→ Work required
No picture belongs in the answer, which must hold exactly the lines from the one with "Кресло гобеленовое в стиле Людовика XVI" through the final line below.

→ Given entries
# # # # # # #

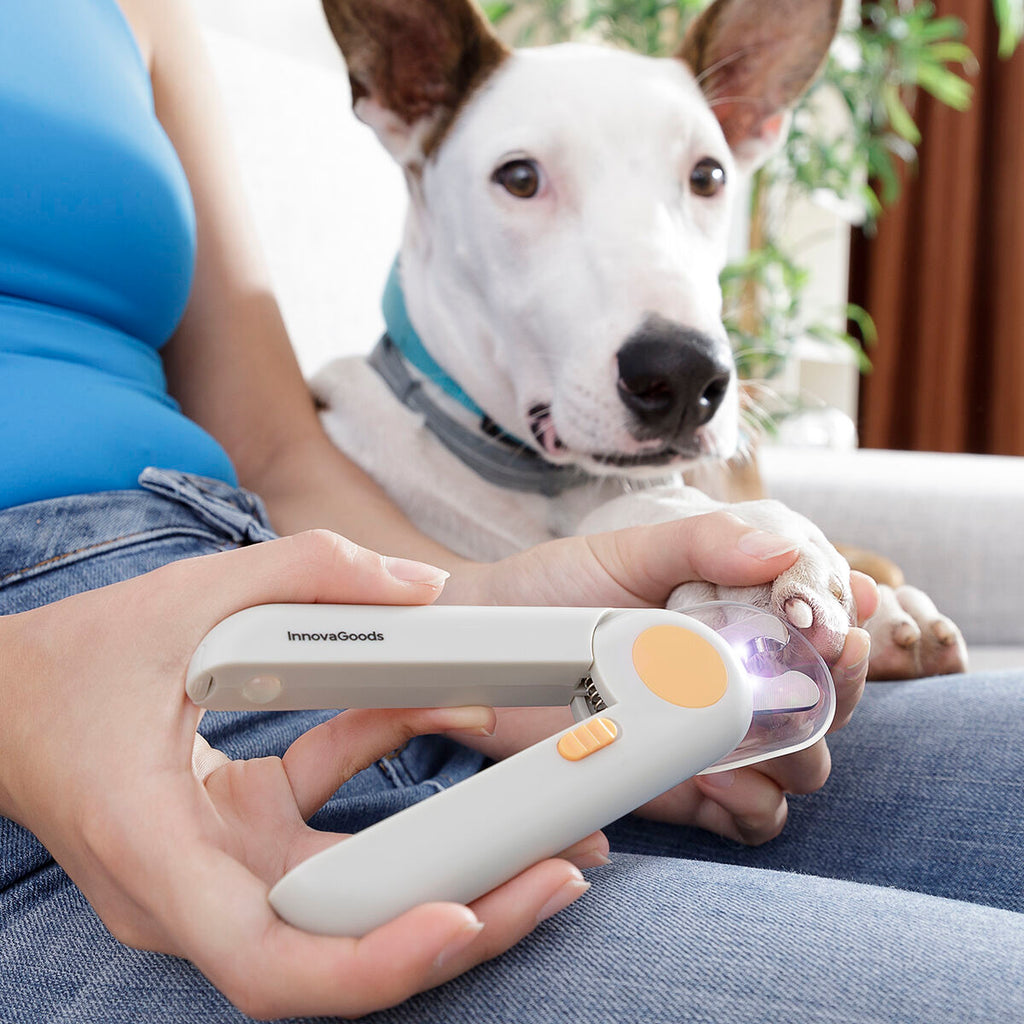 Mascota Nail Clippers with LED Clipet InnovaGoods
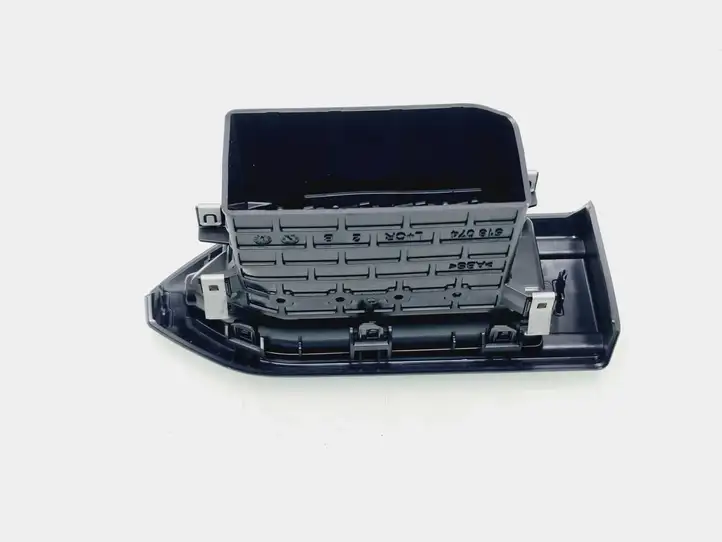 Dacia Logan III (2020 - ) 687617735R Боковой воздушный дефлектор — фото 2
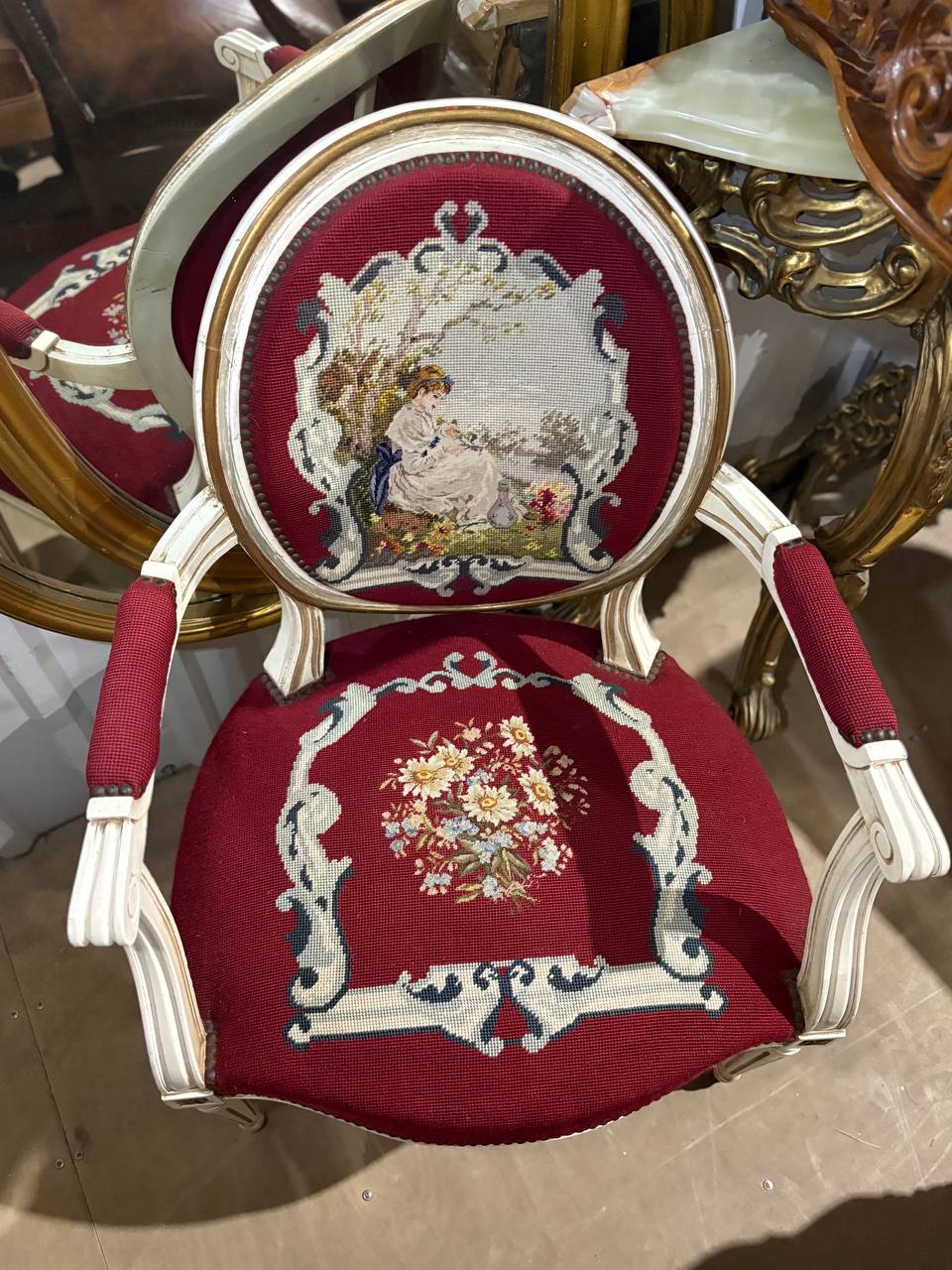 Кресло гобеленовое в стиле Людовика XVI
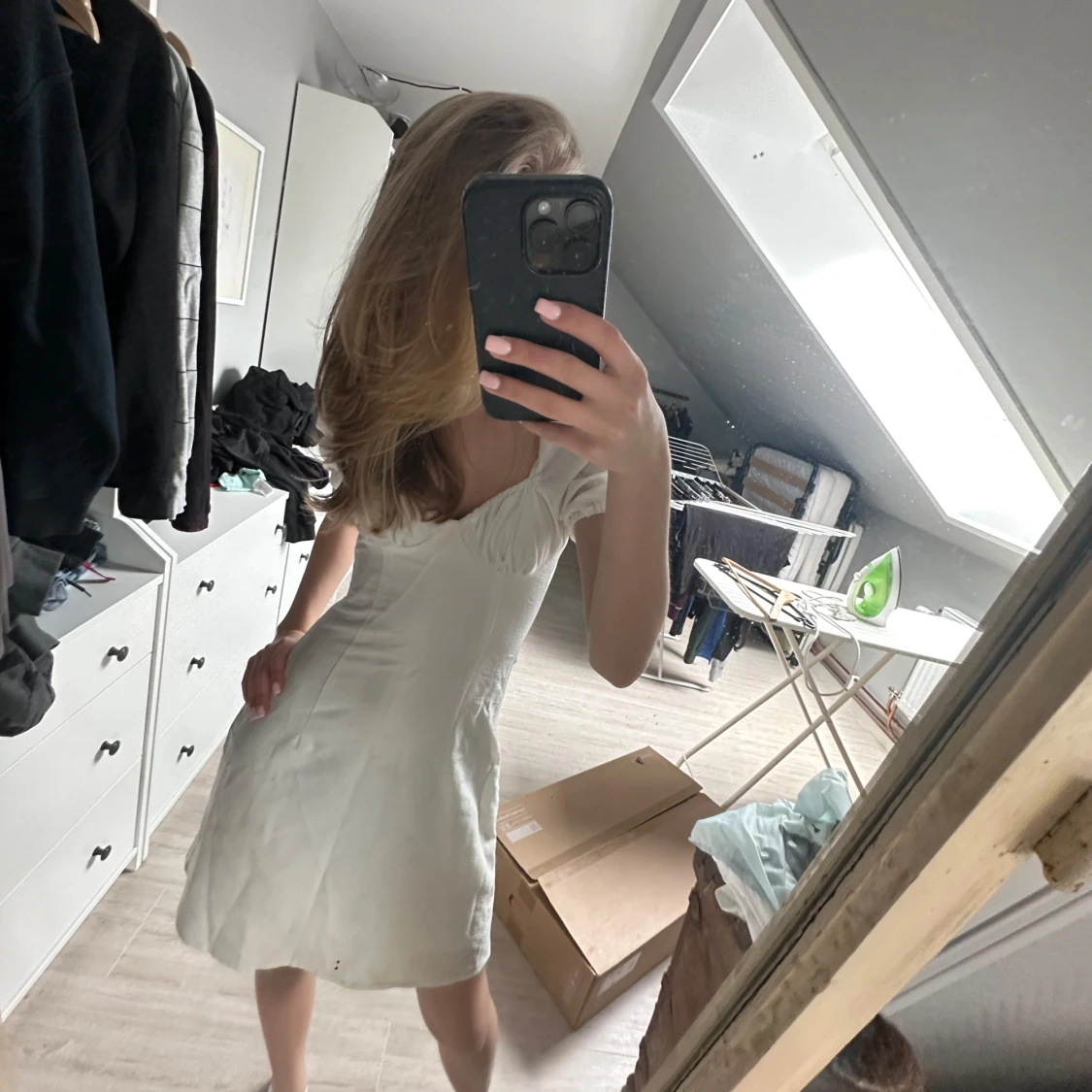 Vit kortklänning med puffärmar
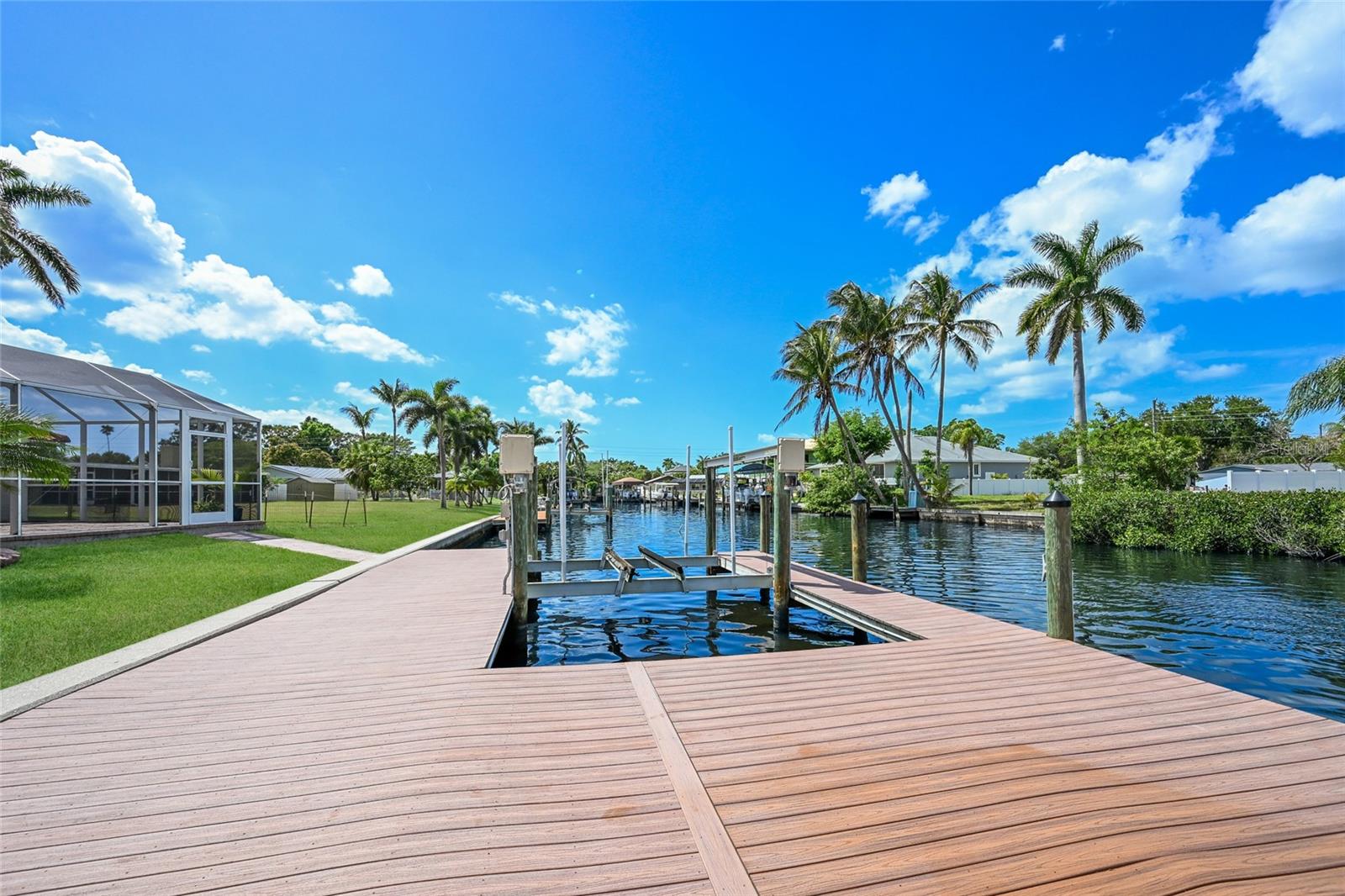 Listing photo id 39 for 6912 7th Avenue Boulevard Nw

# # # # # # #

→ Output for this exercise
 Кресло гобеленовое в стиле Людовика XVI
 Vit kortklänning med puffärmar
 Listing photo id 39 for 6912 7th Avenue Boulevard Nw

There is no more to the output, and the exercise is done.